Frank MILLER and Sally M. Perry, Plaintiffs and Respondents, v. The BOARD OF SUPERVISORS OF the COUNTY OF SANTA BARBARA, Defendant and Appellant, MARRIOTT CORPORATION, a corporation doing business as Marriott's Santa Barbara Biltmore Hotel, Real Party in Interest and Appellant.
The trial court granted a peremptory writ of mandate compelling the Board of Supervisors of the County of Santa Barbara to vacate an order granting a zoning variance to real party in interest Marriott Corporation, doing business as Marriott's Santa Barbara Biltmore Hotel (hereinafter the Biltmore or the hotel). The board and the hotel appeal.
In 1930 the county adopted zoning ordinance No. 453. The hotel and its competitor, the Miramar Hotel, are both located in the 6-R-2 zone. Section 9A1(f) of the ordinance states that a cottage-type hotel may be granted a conditional use permit subject to the approval of the board of supervisors, provided that not less than 80 percent of the sleeping accommodations for guests shall be in several detached buildings or cottages with detached garages, none of which shall contain more than five sleeping rooms.
The Biltmore was built in 1927, prior to the enactment of the zoning ordinance. It was not originally designed as a cottage-type hotel within the meaning of the ordinance, since as of 1929 only 15.5 percent of its 206 sleeping rooms were in cottages. At present the Biltmore has 176 sleeping rooms, of which 19.9 percent are in cottages. The Miramar, on the other hand, which was also constructed prior to the enactment of the zoning ordinance, was originally designed as a cottage type hotel with 80 percent or more of its accommodations in cottages. Over the years the Miramar has been allowed to grow and to improve its facilities by numerous conditional use permits and variances and now no longer satisfies the cottage zoning requirement. It has 213 sleeping rooms, 73 percent of which are in cottages.
The Biltmore proposes an expansion and renovation of its facilities. The expansion will result in a net increase of 60 rooms, 43 in main buildings and 17 in cottages. The net result of the expansion will be a total of 236 sleeping rooms, with 22 percent in cottages, a slight increase in the percentage of rooms in cottages.
Since the proposed expansion of 43 rooms in main buildings and 17 rooms in cottages does not satisfy the 80 percent cottage zoning requirement, the project requires a zoning variance, as well as a conditional use permit.

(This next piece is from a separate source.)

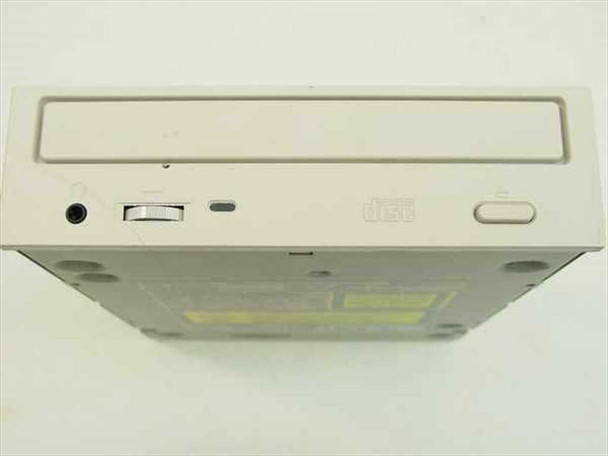 Compaq 166869-001 24x IDE Internal CD-ROM Drive - Hitachi CDR-8335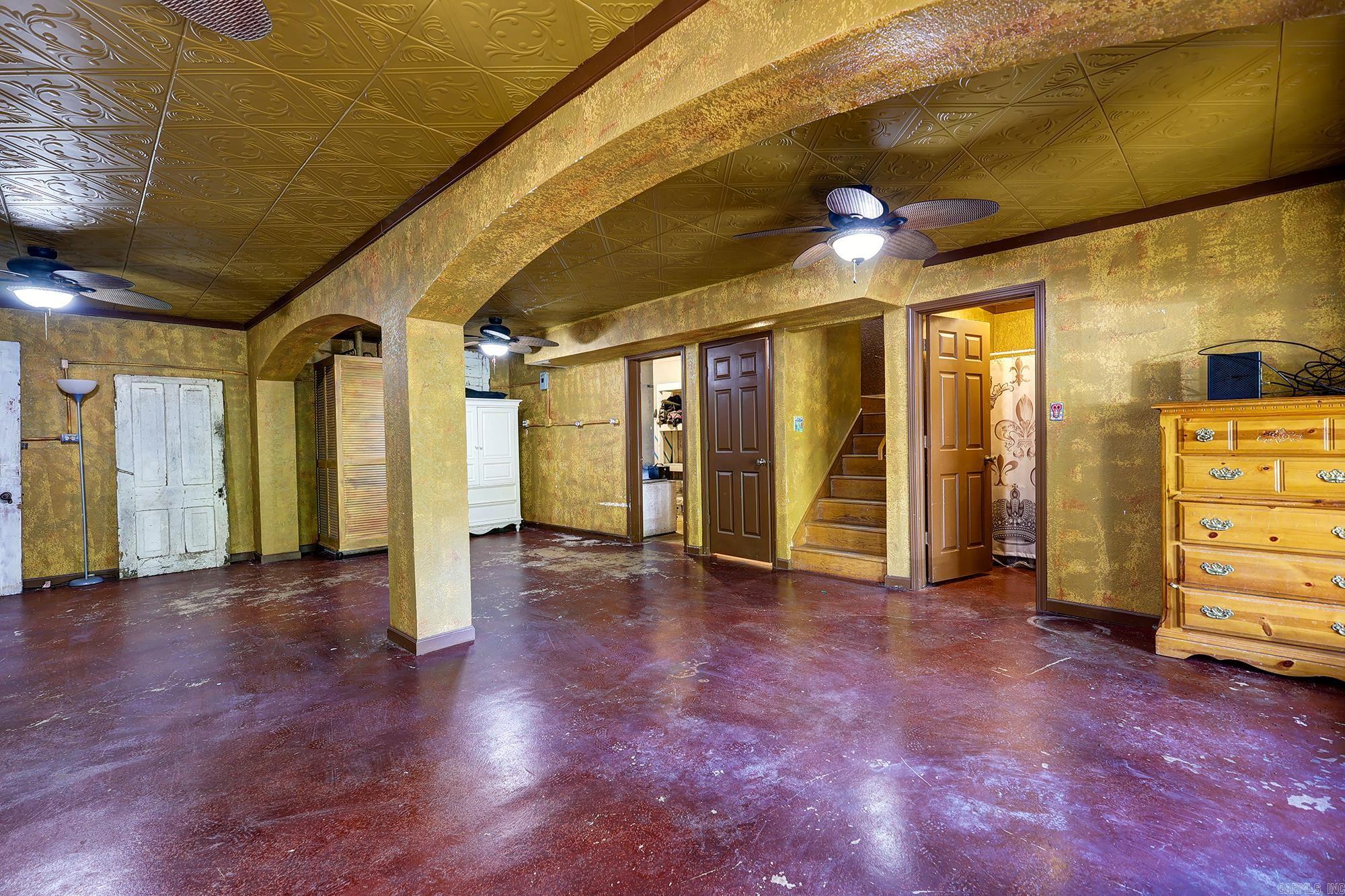 Lake Hamilton Shores #2 - Residential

At the public hearing on the proposed project, a number of neighborhood residents, including plaintiffs Frank Miller and Sally Perry, opposed any expansion of the Biltmore. Opponents charged that since being taken over by the Marriott Corporation, the Biltmore was being transformed from a “resort” hotel to a “convention” hotel, and that this had led to increased problems of noise, traffic, and congestion in the neighborhood of the hotel. The hotel and the proponents of the project argued that the expansion would benefit the community.
The board of supervisors responded to the concerns of both sides by deciding to grant the variance while at the same time imposing severe restrictions in the conditional use permit to reduce traffic, noise, and congestion problems from the expanded activities of the hotel. The board noted that the adverse effects which had developed over the years from intensified use of the hotel and its private club were not in violation of the hotel's existing nonconforming status or of existing conditional use permits, but that the application for a new permit gave the board its first opportunity to control and reduce these adverse effects.1
On plaintiffs' petition for a peremptory writ of mandate, the trial court concluded that the variance must be set aside on the ground that the evidence before the board and the findings of the board failed to satisfy the requirement of Government Code section 65906 that there be special circumstances applicable to the property by reason of which the strict application of the zoning ordinance would deprive the hotel of privileges enjoyed by other property in the vicinity under the same zoning classification.2
The trial court undoubtedly was heavily influenced by Hamilton v. Board of Supervisors, 269 Cal.App.2d 64, 75 Cal.Rptr. 106, decided in 1969, which involved a previous application of this same hotel for a zoning variance, and in which the Court of Appeal held that the board's findings were insufficient to support the variance. However, in the instant case a different project is involved, and the findings of the board are considerably more extensive than in Hamilton. We conclude that under all the circumstances Hamilton is distinguishable and that the variance in this case was supported by adequate findings and evidence.3
Government Code section 65906 provides: “Variances from the terms of the zoning ordinances shall be granted only when, because of special circumstances applicable to the property, including size, shape, topography, location or surroundings, the strict application of the zoning ordinance deprives such property of privileges enjoyed by other property in the vicinity and under identical zoning classification. (P) Any variance granted shall be subject to such conditions as will assure that the adjustment thereby authorized shall not constitute a grant of special privileges inconsistent with the limitations upon other properties in the vicinity and zone in which such property is situated.”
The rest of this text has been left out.